I'm not a Douglas Adams purist. In fact, I've only ever read The Hitchhiker's Guide to the Galaxy, though I suspect I should read perhaps all of his works one day. I became hooked on the movie because of the absurdist comedy, particularly when the improbability drive is activated on the stolen ship, and the characters are all yarn figures, with Freeman's Arthur Dent vomiting multi-colored threads into a trash can. I love that before he does, after Marvin announces that the "Earth man" is going to be sick, Zaphod exclaims, "Hey, hey, do it in the trash can, Earth man, this ship's brand new."

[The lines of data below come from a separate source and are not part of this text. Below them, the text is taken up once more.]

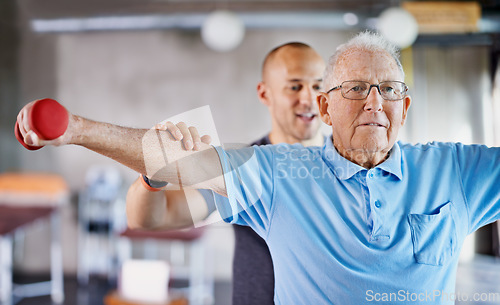 Image of Physiotherapist, senior man and weight training for health and wellness therapy in retirement. Healthcare, physio and workout for recovery with a dumbbell for medical excuse and elderly male person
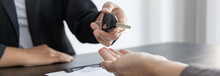 Car Salesman Gave The Keys To The Customers Who Signed The Purchase Contract Legally, Successful Completion Of Car Sales, Purchase Contract And Key Delivery.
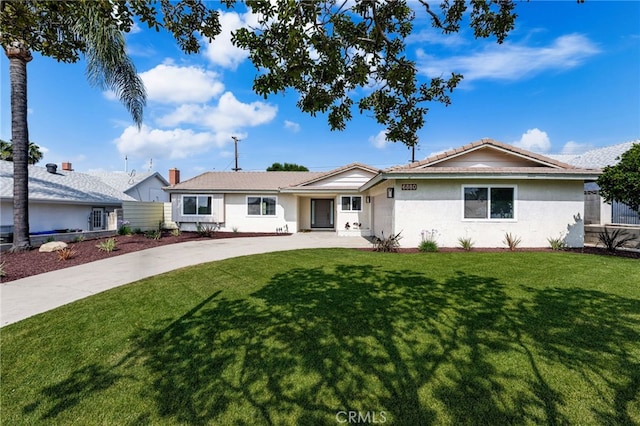 6880 Topaz St, Rancho Cucamonga, CA 91701 - ranch-style house with a front yard and stucco siding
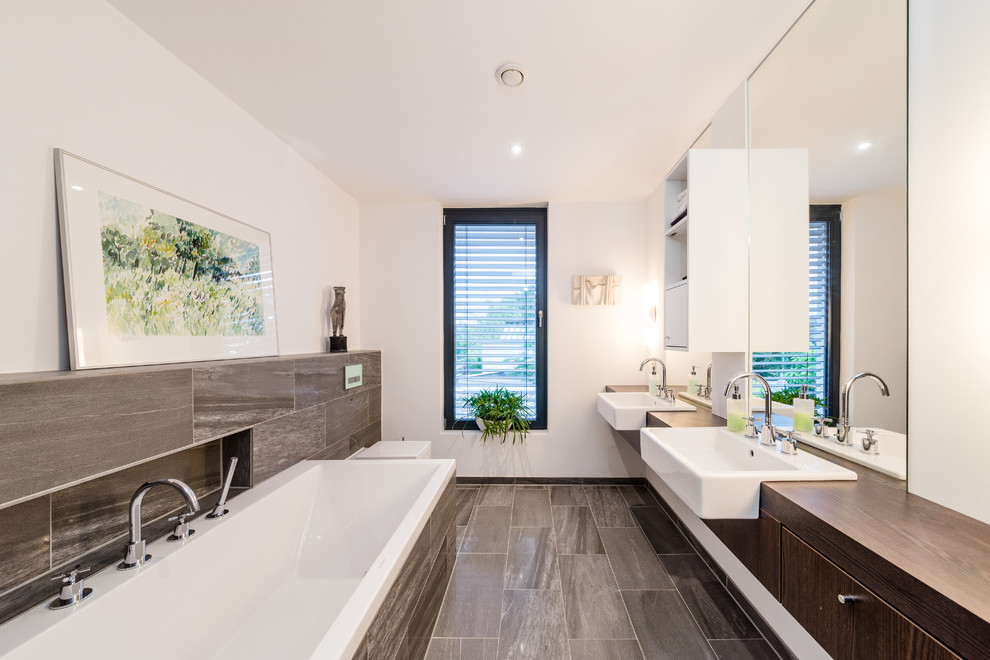 Großes Modernes Badezimmer En Suite mit Aufsatzwaschbecken, flächenbündigen Schrankfronten, dunklen Holzschränken, Waschtisch aus Holz, Einbaubadewanne, braunen Fliesen, weißer Wandfarbe, Keramikboden, Steinfliesen, Wandtoilette und brauner Waschtischplatte in Frankfurt am Main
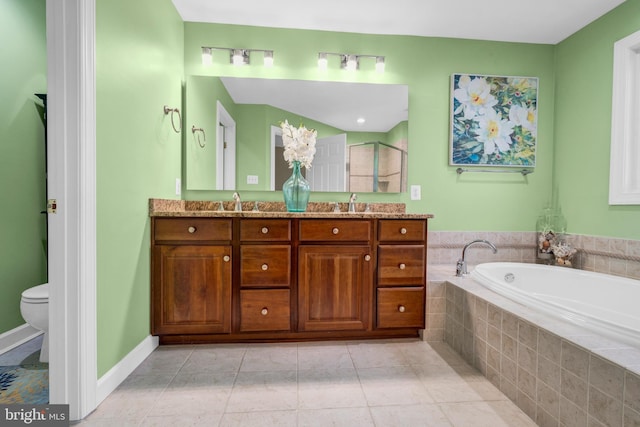 bathroom featuring double vanity, toilet, a shower stall, tile patterned flooring, and a bath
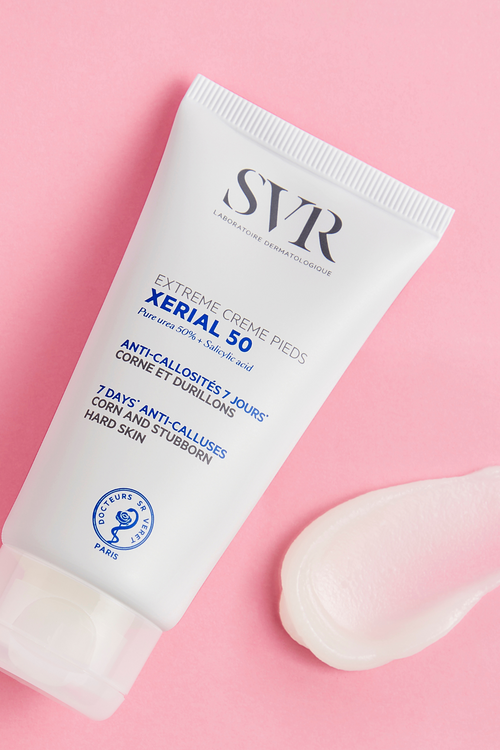 SVR Xerial 50 Extreme Foot Cream white tube next to a smooth cream swatch on pink background.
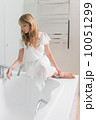 Beautiful young woman sitting on the edge of bath tub 10051299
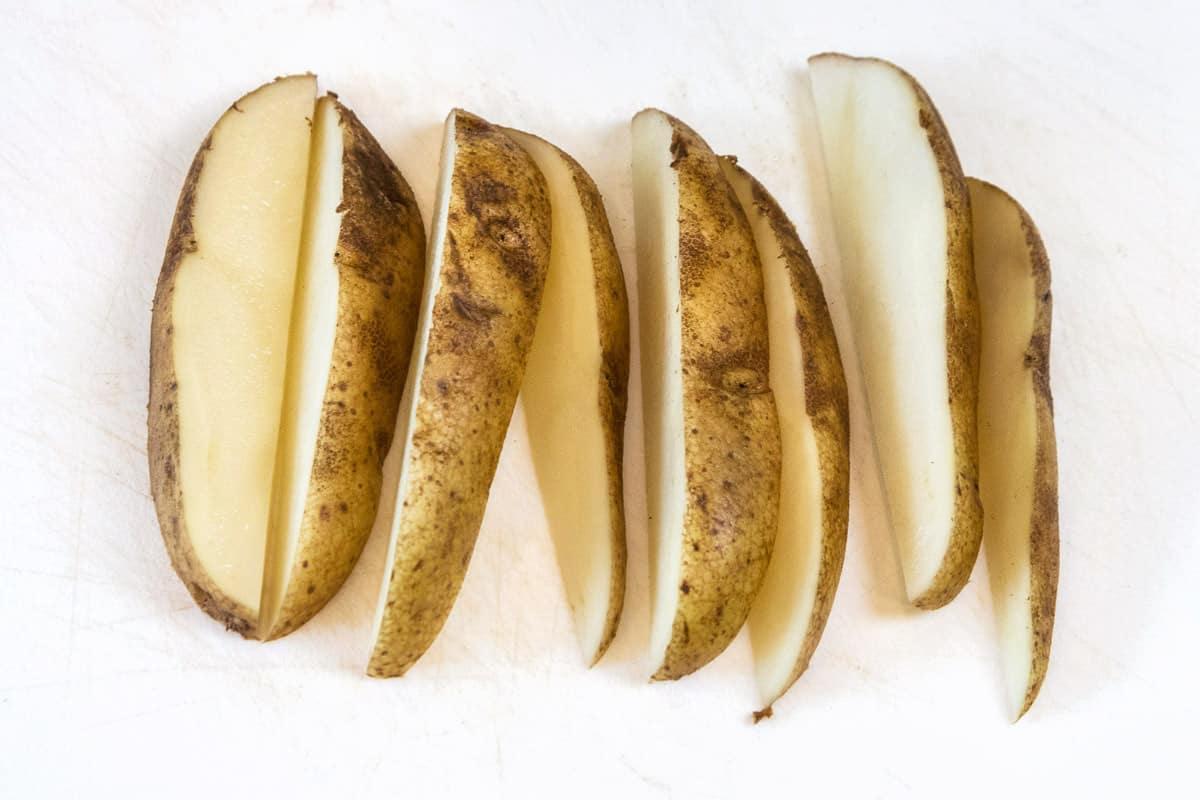 A potato that is cut into eighths.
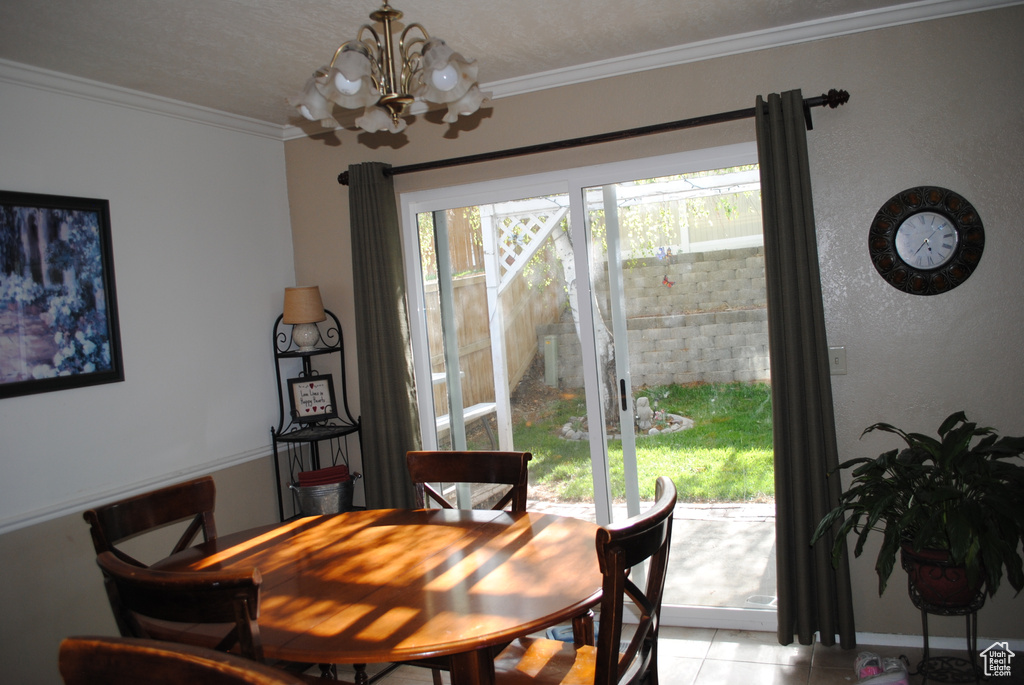 Dining area with a chandelier, ornamental molding, and light tile patterned floors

But most of all, I always go back to this movie because of the scenes toward the end, when Slartibartfast (the truly unique Bill Nighy), who works for a firm that designs planets, takes Arthur to the site of Earth II, and we see a workman spray-painting some rock formations red, and another holding a large hose, filling the oceans. It's also the scenery that stuns me, being so high up in those man-made heavens, all that construction equipment about, and just whooshing through an experience that, had this movie been more popular, I think those special effects sequences would have become as important as the stargate sequence in 2001: A Space Odyssey.

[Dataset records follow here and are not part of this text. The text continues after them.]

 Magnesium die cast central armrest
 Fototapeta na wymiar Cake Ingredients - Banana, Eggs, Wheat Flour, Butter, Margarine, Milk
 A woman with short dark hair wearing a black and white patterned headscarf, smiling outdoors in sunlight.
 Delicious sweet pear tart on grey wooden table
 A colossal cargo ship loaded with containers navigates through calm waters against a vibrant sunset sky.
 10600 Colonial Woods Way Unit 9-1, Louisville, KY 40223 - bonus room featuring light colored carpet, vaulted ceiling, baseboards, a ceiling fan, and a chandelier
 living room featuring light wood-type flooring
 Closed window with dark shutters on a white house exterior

A gross of $51 million dollars throughout its run doesn't make The Hitchhiker's Guide to the Galaxy a major hit. It doesn't matter to me, because if I come to love a movie, that's enough for me. But that relatively minor gross, coupled with some of the gripes I read online about the comparison between the book and the movie, makes me embrace this movie even more. It's mine. I know there may be other fans of it, but it belongs to me.
I have the same feeling with Swing Vote, starring Kevin Costner, and My Blueberry Nights, starring Norah Jones. I love Swing Vote because of my passion for presidential history, and it's interesting to see Kelsey Grammer as the President of the United States. There's an especially affecting scene where Grammer's President Andrew Boone and Kevin Costner's Bud are sitting on lounge chairs, across from Air Force One on the tarmac, and Boone talks quietly about legacy, how he'll eventually leave office, build a library, and Bud will fade back into the crowd. It leads to a moment in the midst of all the craziness of attempting to get Bud's vote (since he's the one whose vote will decide who is the next President of the United States, with Dennis Hopper as the Democratic candidate Donald Greenleaf), in which Boone talks about his uncertainty about all of this with his advisor Marty (Stanley Tucci, continuing to make each role truly different). With that, and Madeline Carroll as Bud's daughter, who votes in his place when a drunk Bud can't make it to the bingo hall to vote, it's no wonder I kept checking the Wal-Mart site for two weeks, waiting for the wonderful news that my copy was ready to be picked up at that Wal-Mart that overlooks Six Flags Magic Mountain, since it wasn't sold in the stores. Every time I watch this, it feels like it's mine. I'm always enamored with the screenplay, impressed at how Kevin Costner still remains one of our most formidable actors, and I love imagining this fictionalized version of our country under a Boone Administration.
My Blueberry Nights reaches into my world. It's low-key, and even though it doesn't get into the Las Vegas pushed by tourism bureaus and newspaper articles and TV ads, that is Las Vegas. The Strip feels like that at times, despite all the lights and the shows and the blackjack tables and the slot machines. Jones and Natalie Portman go nowhere near it, but it does feel that ordinary. It's just another day in Las Vegas. And that's the Las Vegas I love.
My favorite shot, however, involves none of the actors, not those two, nor David Strathairn or Rachel Weisz or Jude Law. Well, not Jude Law in a moment of dialogue, but rather when he sprays the glass case where the pie is kept, and co-writer/director Wong Kar-wai has the camera positioned behind a pane of that glass so it looks blurry, and then it becomes clear again as Law wipes the glass.
What movies do you feel belong to you only?